Finalized Energy Tariff Reforms Set to Ease Inflation to 8% by Year-End

Uzbekistan’s Energy Tariff Reform and Economic Outlook
As of May 1, Uzbekistan has concluded its energy tariff reform, signaling a significant shift in the nation’s economic landscape. Central Bank Chairman Timur Ishmetov announced that there will be no further increases in regulated prices, marking a departure from the inflationary pressures seen in previous years. He stated that the exchange rate remains stable and is no longer a risk factor, creating a more predictable economic environment.

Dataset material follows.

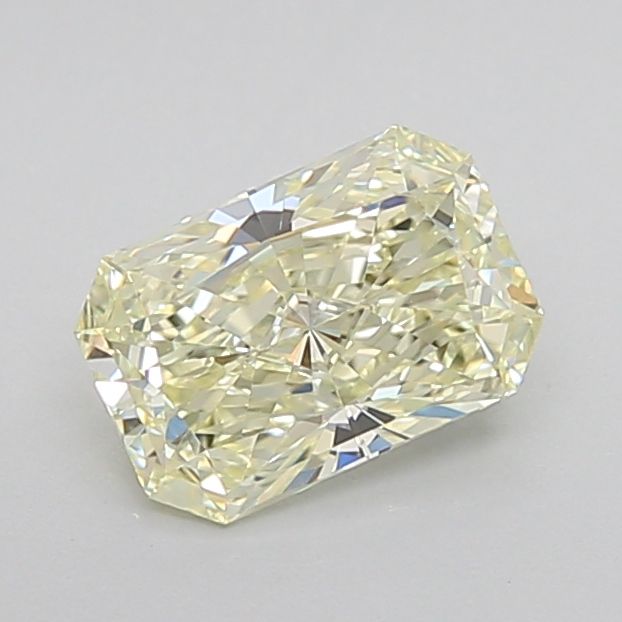 1.05 ct. radiant Lab Grown Diamond front image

In a recent statement, Ishmetov acknowledged the current inflation rate hovering around 10% year-on-year. This persistently high figure is largely attributed to extensive reforms aimed at price liberalization. The completion of the energy tariff reform allows the Central Bank to redirect its focus towards reducing inflation, with a goal of lowering it to 8% by the end of 2025.
The chairman highlighted ongoing global challenges, stating, “Uzbekistan is facing extraordinary global political uncertainty.” Despite these hurdles, he noted positive trends, including rising gold prices, which benefit the country’s economy. The trade balance is also showing improved dynamics, even when gold is excluded.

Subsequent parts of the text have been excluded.